2.5. Quality Assessment

A suitable, validated quality assessment (QA) tool was not available for the types of studies and outcomes reviewed in this study. Therefore, an original quality assessment tool was created by merging and adapting the American Dietetic Association (ADA) quality criteria checklist for Randomized Control Trials (RCTs) and cohorts [25], the Cochrane risk of bias [26], and the STROBE statement checklist for observational studies [27] (Figure 1). The key domain that was included and considered particularly pertinent for this review was “polymorphisms are with the Hardy-Weinberg equilibrium” [28] and whether the association of the genetic variants with specific phenotypic traits was properly reported. The final checklist included 13 “yes” or “no” statements. Similar to the ADA quality criteria checklist and Cochrane risk of bias tool, each study was assigned as positive, neutral, or negative based on the number of “yes”, “no”, or “not applicable” answers. A study was assigned positive if the majority of statements received “yes”, or were assigned negative if the majority of statements received “no”. If a study had the same number of yes and no statements it was assigned neutral (Figure 1). Two reviewers (KD, MA, and AD) independently performed the quality assessment and any discrepancies were discussed as a group.

3. Results

3.1. Description of Included Studies

The result of the systematic search of the databases is shown in the PRISMA flowchart (Figure 2); eighteen studies matched the inclusion and exclusion criteria. Of these 18 studies, eight were observational cross-sectional [21,30,31,32,33,34,35], six were case control studies [23,36,37,38,39,40,41], three were non-randomised clinical control trials ([24,42,43], and one was a cross-sectional meta-analysis [22]. Nine separate genes with 31 SNPs (Table 1), and one study that looked at twins [34] were identified across the 18 studies. The studies selected were grouped according to the association between one or more polymorphisms with a phenotypic trait. Using this criterion, the studies were classified into the following five groups: polymorphisms in genes relating to Zn transporters for breastmilk, insulin and glucose regulation, cognitive performance, chronic disease in the ageing population, and Zn homeostasis (Table 1).
The 18 studies were scored for their quality against a list of 13 items; a summary of the results of the quality assessment is summarised in Figure 1. Overall, the studies scored positively on the identification of the research questions and validation of methods; the studies identified as scoring negatively did so mainly in the selection of study participants, or providing conclusions that did not take into consideration the limitations of the study or study bias. Due to the lack of consistency across grouped studies, identification of outcomes, and methods of determining associations, conclusions on how to translate the information into recommendations in practice could not be drawn.

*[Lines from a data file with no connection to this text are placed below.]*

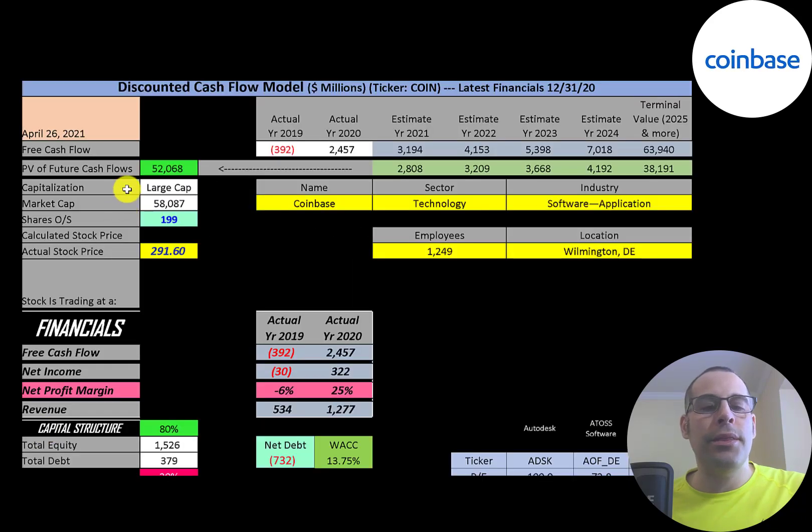Let's get started with the model. This is a large cap company — 58 billion dollar market cap — they're trading at $292 a share, and they have 199 million shares outstanding.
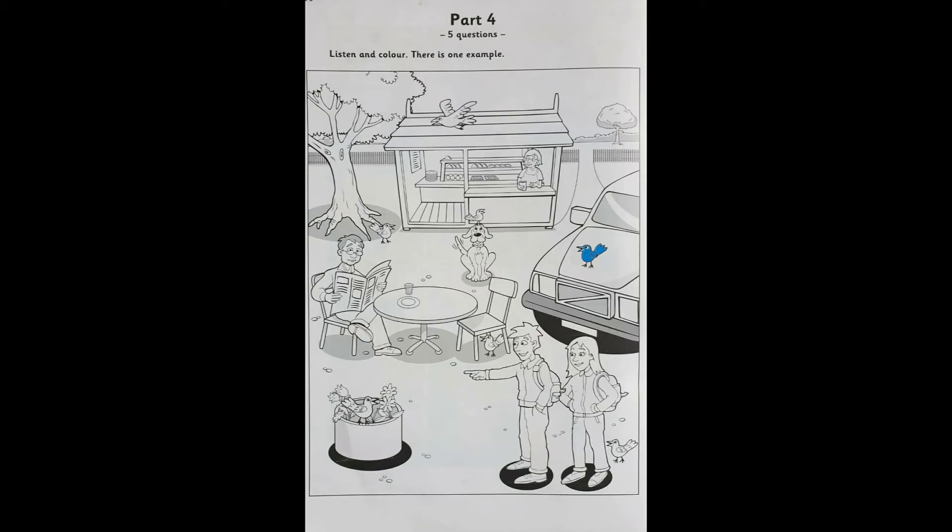Two. And there's a bird on the dog's head. Yes, it's funny. Can I colour that one? Yes, you can. Colour the bird on the dog's head pink. OK. I'm doing that now. That's my favourite colour.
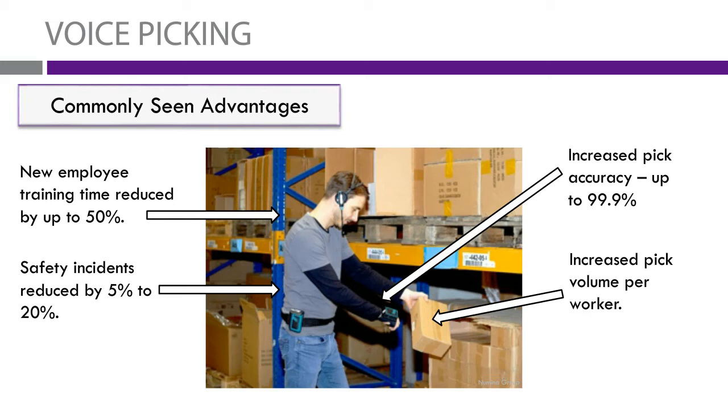Along with that, this will increase the pick volume per worker. Obviously, there's no time spent reading what they need to pick because they're told each item through the system. In those few seconds that they're not looking down trying to read a piece of paper, those seconds will add up — they have quite a bit of time. As well, while they're picking, they're not holding sheets, which means they are hands-free and have both hands available since the system is voice-activated.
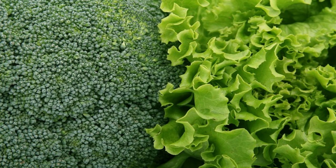Last but not least, we have leafy greens. Leafy greens are rich in vitamins and minerals, and contain antioxidants that can protect the brain from oxidative stress and improve cognitive function. Some of these greens include spinach, kale, and broccoli.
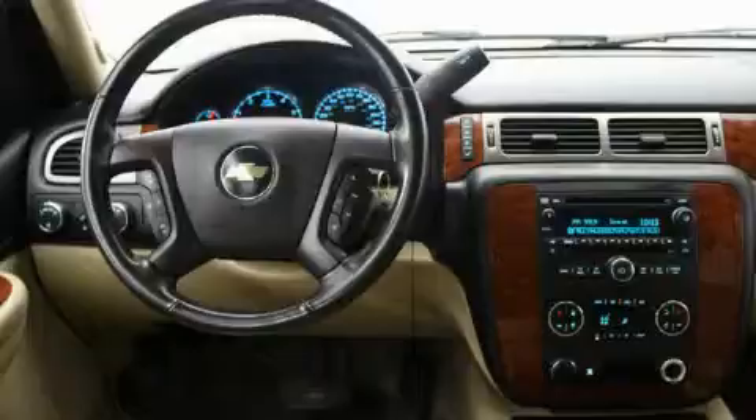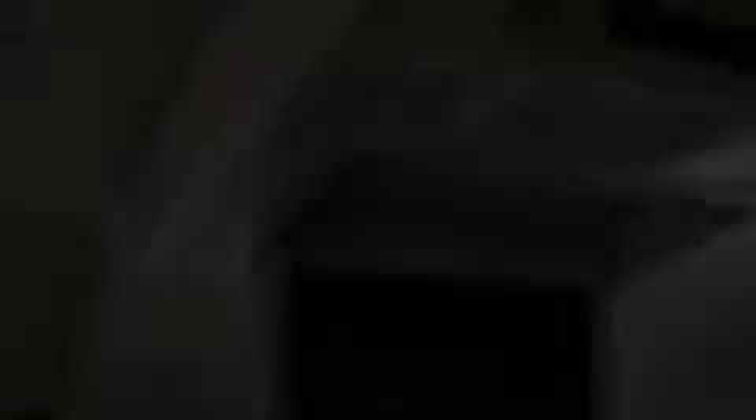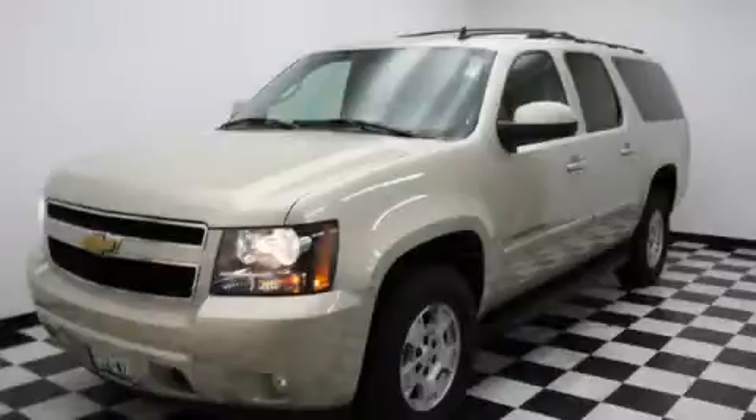The solid eight cylinder engine, connected to a smooth shifting automatic transmission, always delivers. This SUV won't last long at this price, call in a rain to test drive now.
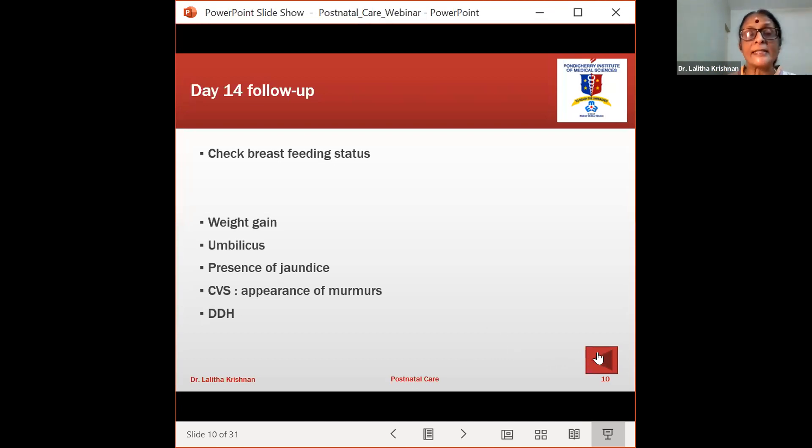At around discharge time, left-to-right shunts start manifesting and murmurs may be heard — a neonatal stethoscope is important. Look for peripheral pulses. While cyanotic heart diseases don't give many murmurs, we can at least pick up early signs of left-to-right shunts. Developmental dysplasia of the hip must be kept in check at all visits — especially at 6, 10, and 14 weeks — and needs to be rechecked after discharge.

3.2. Does Dietary Zn Modulate the Effect of SLC30A2 Polymorphisms on Human Milk Zinc Content?

Two cross-sectional studies examined the association of polymorphisms within SLC30A2 gene and Zn content variability in human milk from a total of 794 healthy, breastfeeding mothers with children from single births, without complications. Zn concentrations in breastmilk were examined at 42 days and 4 months postpartum [28]. SLC30A2 SNPs found to be associated with variability in milk Zn concentrations are listed in Table 1. SNP rs-numbers were only reported in Qian et al. [30], whereas SNPs were identified as “novel” without associated rs-numbers in Alam et al. [28], which makes identifying common SNPs between the studies difficult. Qian et al. identified five SNPs in the Chinese mothers, with two associated with decreased concentrations and three with no association with Zn in breastmilk. In the US, Alam et al. identified 12 polymorphisms in mothers, of which two variants were associated with decreased concentrations of Zn in breastmilk. Low concentration of Zn in breastmilk were defined as 21.5 µmol/L [30], and less than 1 mg per L (15.3 µmol/L) [28]. Neither study reported whether maternal dietary Zn intake or plasma Zn modulated Zn concentrations of milk in mothers carrying polymorphisms associated with low breastmilk Zn concentrations [28,30]. Both of these studies were assessed by QA rating P (Figure 1).

3.3. Does Dietary Zn Modulate the Association between Gene Variants and Glucose Metabolism Traits in Relation to Type-2 Diabetes?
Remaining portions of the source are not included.